En pleine nuit, notre chef Wilhelm von Knyphausen a été enlevé par de lâches royalistes, mais heureusement, notre représentant de la patrouille avait pu trouver divers indices. Après une longue recherche et un dur combat, nous avons pu ramener notre général sain et sauf.
Le lendemain, nous avons été à la messe où nous avons écouté un magnifique orchestre.
Fatigués, nous sommes rentrés en fin d’après-midi dans nos habitations parisiennes.
Ce week-end fut très amusant et toujours plongé dans le rire.

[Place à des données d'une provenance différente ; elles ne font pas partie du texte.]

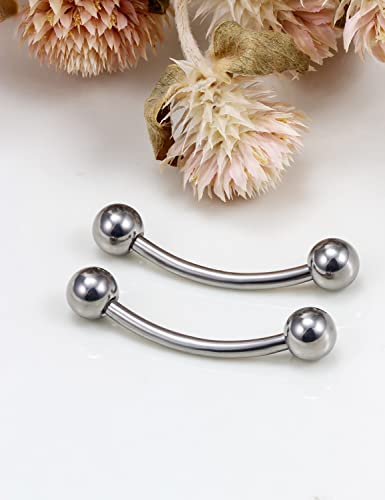 14G 16G Eyebrow Piercing Jewelry G23 Titanium Curved Barbell Eyebrow Ring Vertical Labret Lip Jewelry Rook Daith Earrings Piercing Jewelry for Women Men 6mm 8mm 10mm 12mm 14mm 16mm - color: 14G-16mm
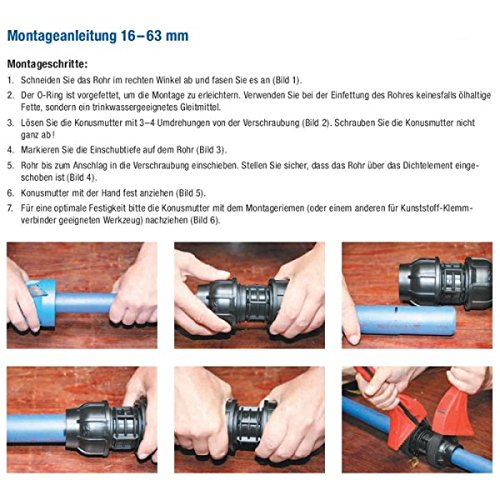 Stabilo-Sanitaer PE Rohr Verschraubung 32 x 32 mm Winkel 90 Grad Rohrwinkel Klemmverbinder Klemmverschraubung Fitting Verbinder - 3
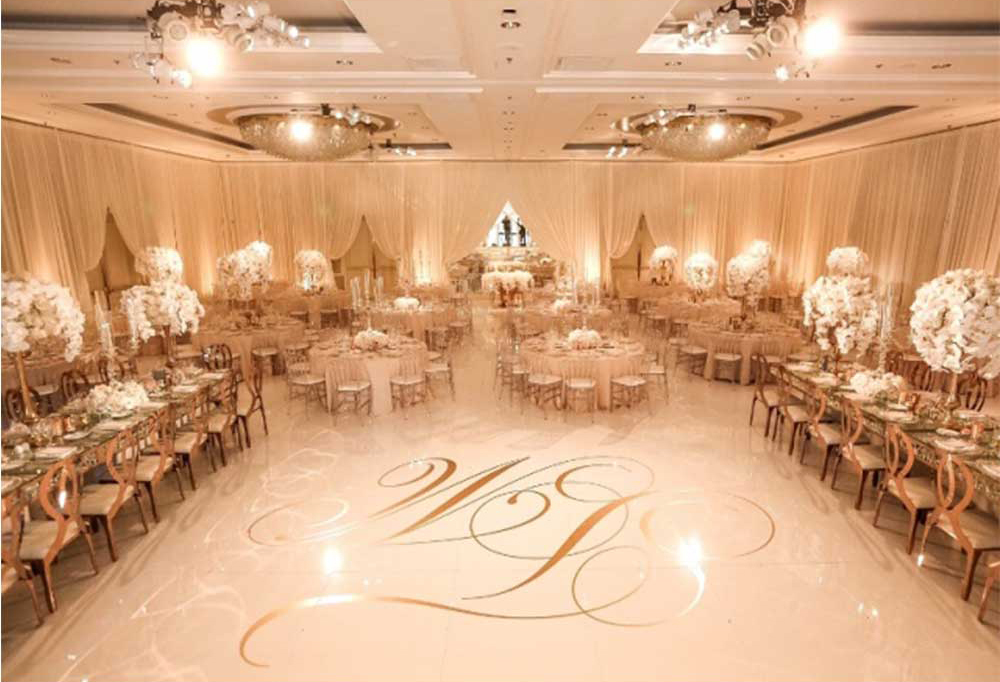 White Glossy Seamless Dance Floor - Palace Party Rental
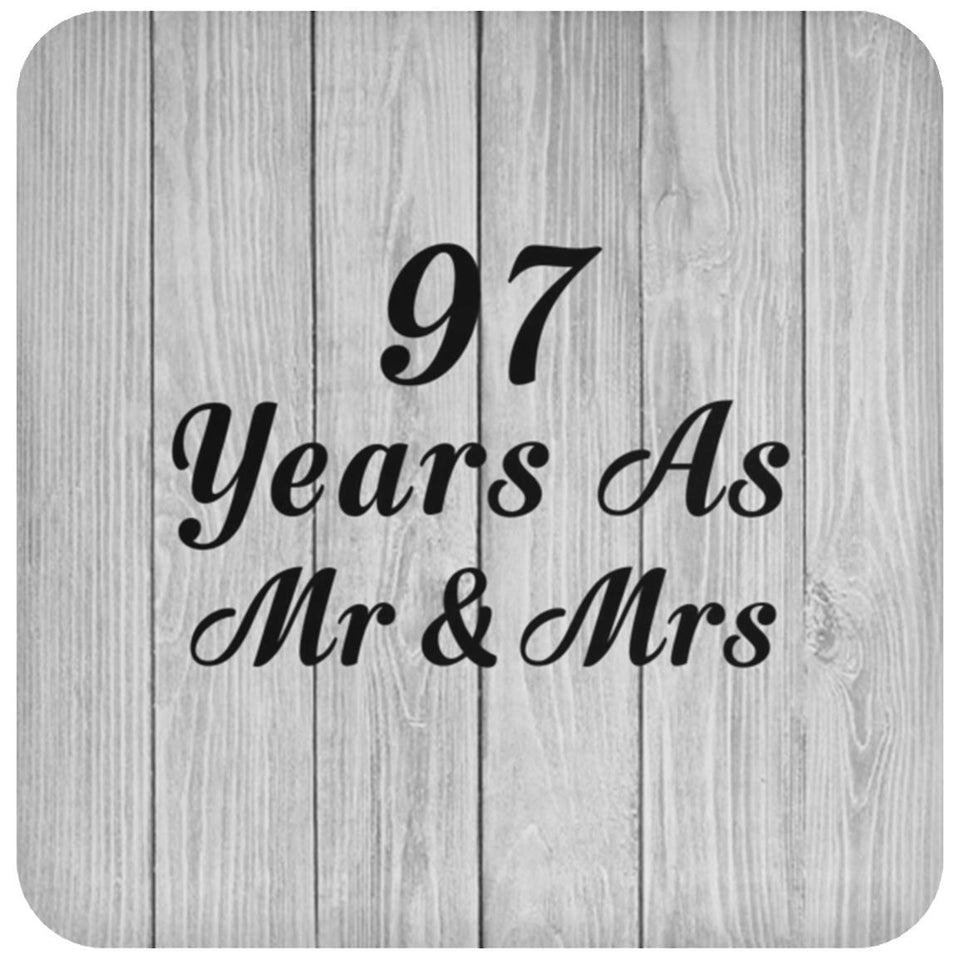 97th Anniversary 97 Years As Mr & Mrs - Drink Coaster F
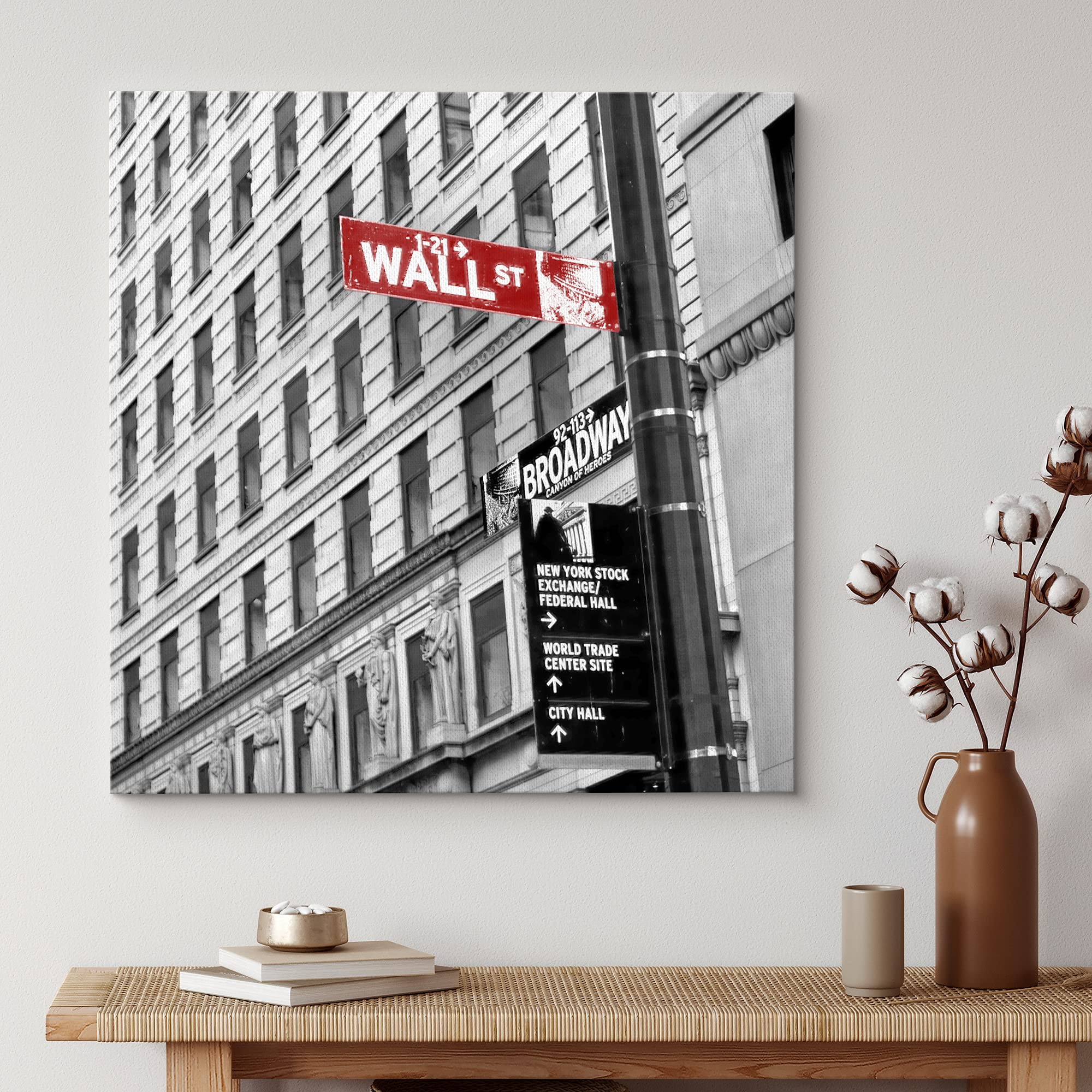 Wall26 Canvas Print Wall Art Pop Of Color Wall Street In New York City Architecture & Maps Cities Photography Realism Chic Sceni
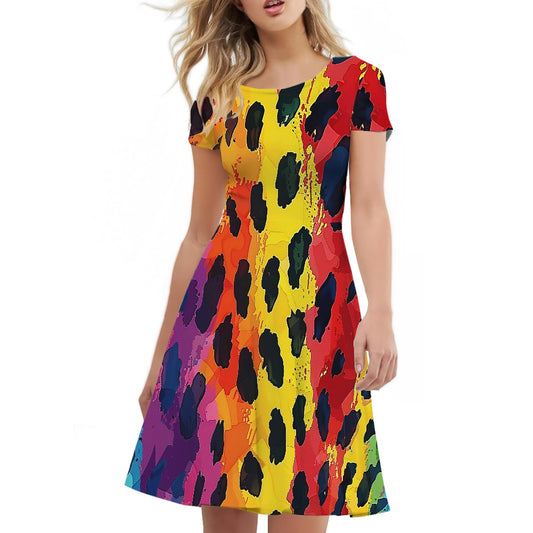 Women Scoop Neck Short Sleeve Ruffle Dress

Dankeschön und auf Wiedersehen (Ja, ich lerne Deutsch), 
 
Max Terouanne, 5ème de l’Aigle

W-E de patrouille des Aigles - 8 et 9 Novembre
 
Samedi
 
Après avoir rejoint les Espadons, les Castors et les Loups au local nous partons pour la station Charles-de-Gaulle Etoile vers 12h30. Après un court voyage en R.E.R. nous arrivons à Achères. Les patrouilles se séparent, chacune se dirigeant vers son lieu de camp. Arrivés dans notre parcelle nous montons rapidement la tente puis nous goûtons. Pierre et Wandrille commencent à fabriquer l' autel, les aspirants à la seconde classe s' occupent de monter une croix tandis que Pélican apprend aux nouveaux à faire des mi-bois et du froissartage. La nuit tombant, nous nous retrouvons pour dîner. S' en suit la veillée de Thomas, puis nous organisons une boîte. Soudain, au milieu du jeu, Pélican disparaît. Nous retrouvons un message en morse fixant un rendez-vous à l' étoile des vignobles. Aussitôt nous nous dirigeons en courant vers cette étoile. Nous y retrouvons Pélican, qui divise la patrouille en deux. Chacun des deux camps prend connaissance de sa mission : Les vietnamiens (Issao, Daniel, Wandrille, Adrien) doivent apporter un message à Pélican sans que les Français (Thomas, Pascal et moi) ne s' en emparent. L' embuscade est tendue... Hélas les vietnamiens parviennent à transmettre le message à leur chef : les français ont perdu une bataille, pas (encore) la guerre. Comme il n' est pas tard et que le lieu est propice, nous organisons une seconde boîte puis nous rejoignons la tente. La patrouille se couche, pendant que la G.H.P prépare le C.D.P du lendemain.
 
Dimanche
 
Après nous être levés, nous suivons Pélican dans un dérouillage sportif. Nous petit déjeunons alors, puis nous achevons l' autel et préparons des bancs pour la messe qui doit avoir lieu à Il heures. Les autres patrouilles arrivent les unes après les autres, puis la troupe de Panda qu' Arnaud avait rencontré la veille. Panda organise un chat en attendant que les chefs arrivent. Ceux-ci enfin là, la messe commence, célébrée par le père Guggenheim. Ensuite, de nouveau seuls dans notre lieu, nous déjeunons, démontons la tente, organisons le C.D.P puis, après un râteau pour laisser le lieu propre nous rejoignons les Castors à la gare et regagnons Paris où nous nous quittons, ravis de ce week-end.